Hillary, Trump y el mal menor

La cuestión no es votar a Trump (no solo no se debe votar a un parásito como él, sino ¡siquiera se debe participar en esas elecciones!). El punto es abordar el problema de manera fría y hacer el siguiente ejercicio de pensamiento: ¿la victoria de quién sería mejor para el destino de un proyecto emancipatorio radical, la de Clinton o la de Trump?

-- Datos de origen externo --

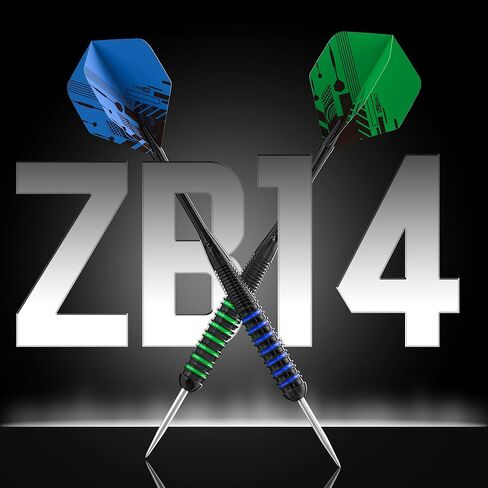 سهام ذات طرف فولاذي من CyeeLife، سهام معدنية احترافية، مجموعة رؤوس معدنية للسهام، سهام معدنية للوحة رمي السهام، 12 قطعة 22 جرامًا مع 18 عمودًا من الألومنيوم، 24 رحلة إضافية، 20 حلقة دائرية، أداة رمي السهام، مبراة رمي السهام in Kuwait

En el romance Ensayo sobre la lucidez, José Saramago narra una serie de extraños acontecimientos que ocurren en una capital no nombrada en un país democrático no identificado. Cuando la mañana del día de la elección es entorpecida por lluvias torrenciales, la cantidad de ciudadanos que salen de casa a votar se muestra perturbadoramente baja. Pero a mitad de la tarde, el clima se normaliza y la población sigue en masa a sus escuelas de votación. El alivio del gobierno, sin embargo, dura poco: el conteo de votos revela que más del 70% de las papeletas depositadas estaban en blanco. Estupefactos con ese aparente lapso cívico, el gobierno les da a los ciudadanos una segunda oportunidad y luego en la siguiente semana decide convocar a otra elección. Los resultados son aun peores: ahora, el 83% de las papeletas depositadas están en blanco…

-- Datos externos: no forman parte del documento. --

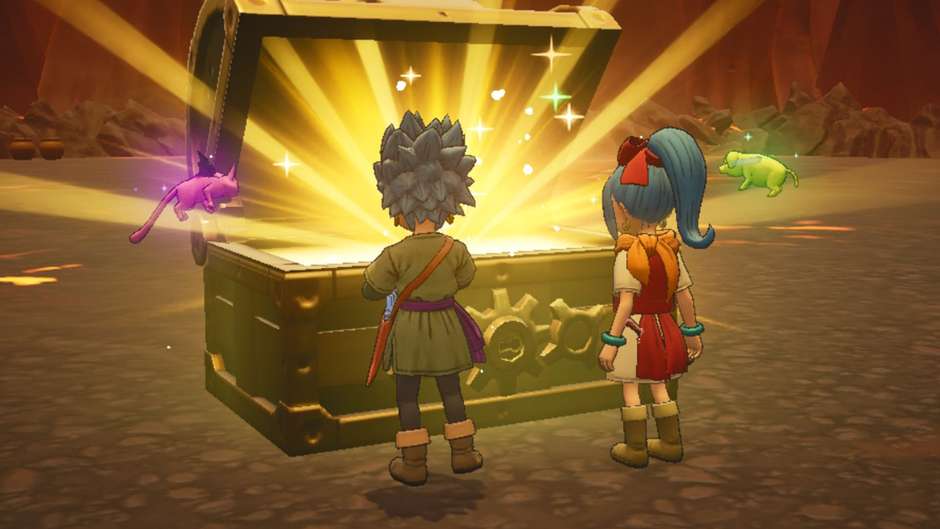 Baralho de Dragon Quest é novo item comemorativo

¿Será una conspiración organizada para tirar abajo no solo el gobierno dominante sino la totalidad del sistema democrático? Si es así, ¿quién estará detrás de eso? Y ¿cómo lograron organizar a cientos de miles de personas para esa subversión sin siquiera ser notados? La ciudad sigue funcionando en aparente normalidad, con el pueblo esquivando cada uno de los embates del gobierno en inexplicable unísono y con un nivel verdaderamente gandhiano de resistencia no violenta… La lección de ese experimento de pensamiento es clara: el peligro hoy no es la pasividad, sino la pseudoactividad, el impulso de “ser activo” y de “participar” para enmascarar la vacuidad de lo que pase. Las personas intervienen todo el tiempo. Las personas “hacen algo”. Académicos participan de debates sin sentido, y por ahí va. Pero la cosa verdaderamente difícil de hacer es dar un paso atrás y retroceder. Los detentores del poder generalmente prefieren hasta una participación “crítica” que el puro silencio –simplemente para estar seguro de que, con algún tipo de diálogo escenificado, nuestra amenazadora pasividad esté quebrada. La abstención de los votantes es por lo tanto un verdadero acto político: ella forzosamente nos confronta con la vacuidad de las democracias de hoy.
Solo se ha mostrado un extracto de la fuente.